» Input material:
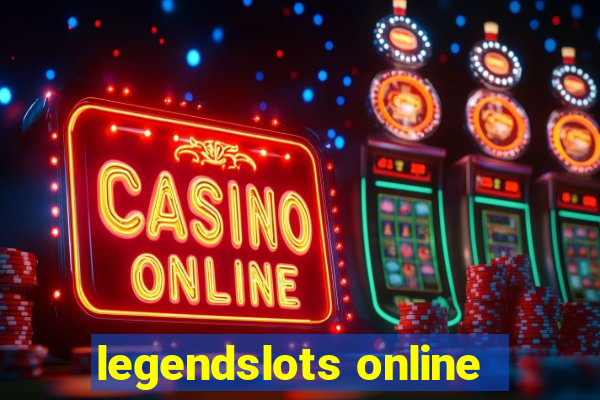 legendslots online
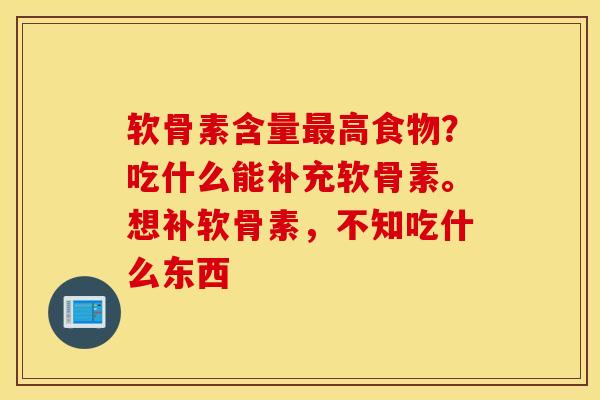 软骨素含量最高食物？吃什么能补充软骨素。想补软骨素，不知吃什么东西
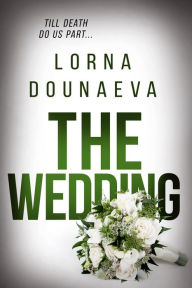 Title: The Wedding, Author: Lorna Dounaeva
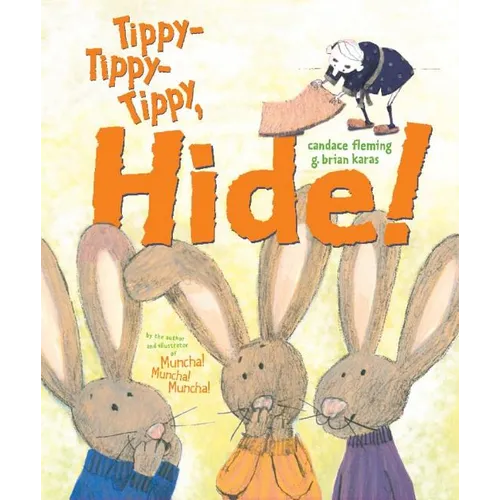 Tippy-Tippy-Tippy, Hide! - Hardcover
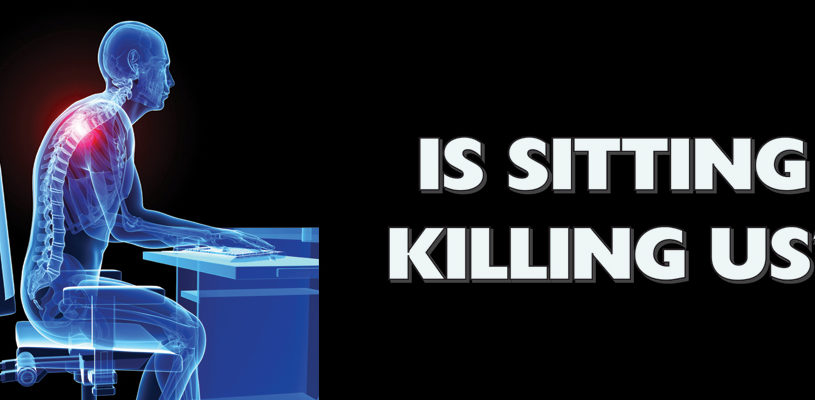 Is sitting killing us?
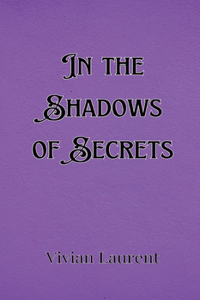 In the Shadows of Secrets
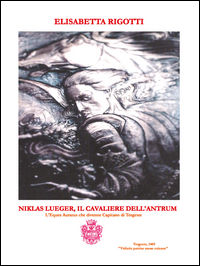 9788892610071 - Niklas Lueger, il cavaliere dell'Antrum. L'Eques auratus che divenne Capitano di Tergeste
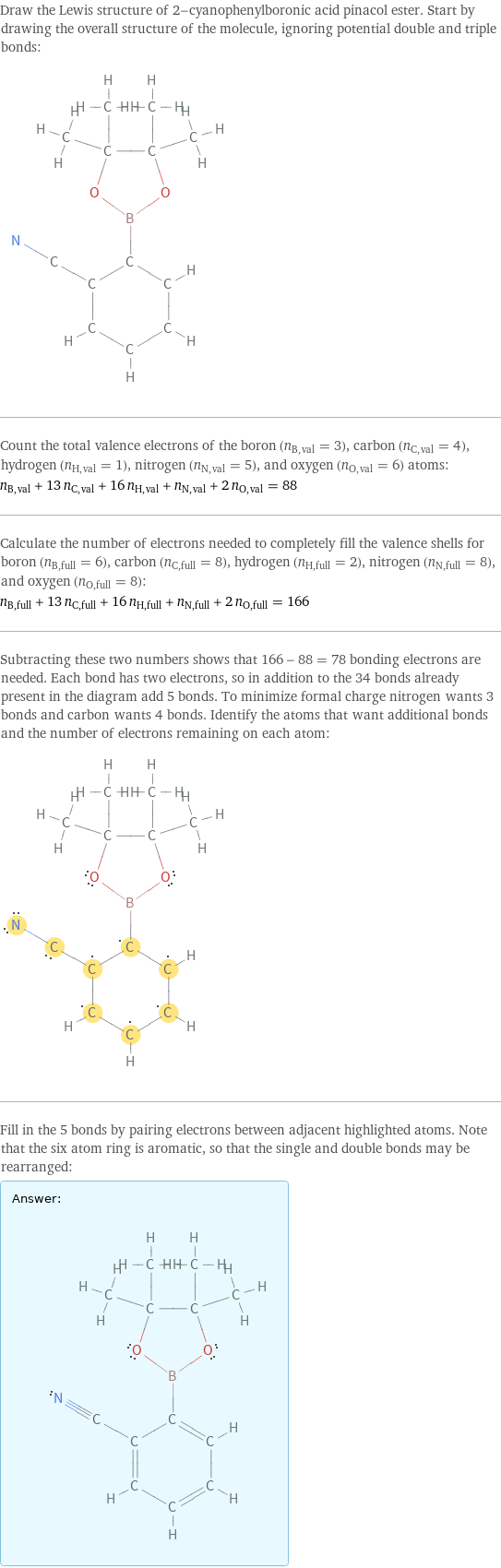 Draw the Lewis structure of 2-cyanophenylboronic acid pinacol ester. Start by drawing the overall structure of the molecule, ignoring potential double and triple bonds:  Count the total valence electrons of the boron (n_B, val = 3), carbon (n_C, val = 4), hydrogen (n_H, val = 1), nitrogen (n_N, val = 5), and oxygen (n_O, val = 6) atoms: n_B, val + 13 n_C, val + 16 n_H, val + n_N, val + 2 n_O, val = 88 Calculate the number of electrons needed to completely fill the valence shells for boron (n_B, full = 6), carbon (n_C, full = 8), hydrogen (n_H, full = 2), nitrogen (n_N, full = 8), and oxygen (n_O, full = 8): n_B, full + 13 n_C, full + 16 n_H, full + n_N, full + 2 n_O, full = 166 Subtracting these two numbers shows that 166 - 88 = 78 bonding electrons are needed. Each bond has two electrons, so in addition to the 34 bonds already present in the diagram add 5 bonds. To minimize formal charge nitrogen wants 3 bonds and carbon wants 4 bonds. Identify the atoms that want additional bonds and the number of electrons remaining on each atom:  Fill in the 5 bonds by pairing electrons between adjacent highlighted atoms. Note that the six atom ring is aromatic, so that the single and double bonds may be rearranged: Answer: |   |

» Task to carry out: If a record above contains a picture, leave the picture out and transcribe everything else exactly.

» Exercise solution:
 legendslots online
 软骨素含量最高食物？吃什么能补充软骨素。想补软骨素，不知吃什么东西
 Title: The Wedding, Author: Lorna Dounaeva
 Tippy-Tippy-Tippy, Hide! - Hardcover
 Is sitting killing us?
 In the Shadows of Secrets
 9788892610071 - Niklas Lueger, il cavaliere dell'Antrum. L'Eques auratus che divenne Capitano di Tergeste
 Draw the Lewis structure of 2-cyanophenylboronic acid pinacol ester. Start by drawing the overall structure of the molecule, ignoring potential double and triple bonds:  Count the total valence electrons of the boron (n_B, val = 3), carbon (n_C, val = 4), hydrogen (n_H, val = 1), nitrogen (n_N, val = 5), and oxygen (n_O, val = 6) atoms: n_B, val + 13 n_C, val + 16 n_H, val + n_N, val + 2 n_O, val = 88 Calculate the number of electrons needed to completely fill the valence shells for boron (n_B, full = 6), carbon (n_C, full = 8), hydrogen (n_H, full = 2), nitrogen (n_N, full = 8), and oxygen (n_O, full = 8): n_B, full + 13 n_C, full + 16 n_H, full + n_N, full + 2 n_O, full = 166 Subtracting these two numbers shows that 166 - 88 = 78 bonding electrons are needed. Each bond has two electrons, so in addition to the 34 bonds already present in the diagram add 5 bonds. To minimize formal charge nitrogen wants 3 bonds and carbon wants 4 bonds. Identify the atoms that want additional bonds and the number of electrons remaining on each atom:  Fill in the 5 bonds by pairing electrons between adjacent highlighted atoms. Note that the six atom ring is aromatic, so that the single and double bonds may be rearranged: Answer: |   |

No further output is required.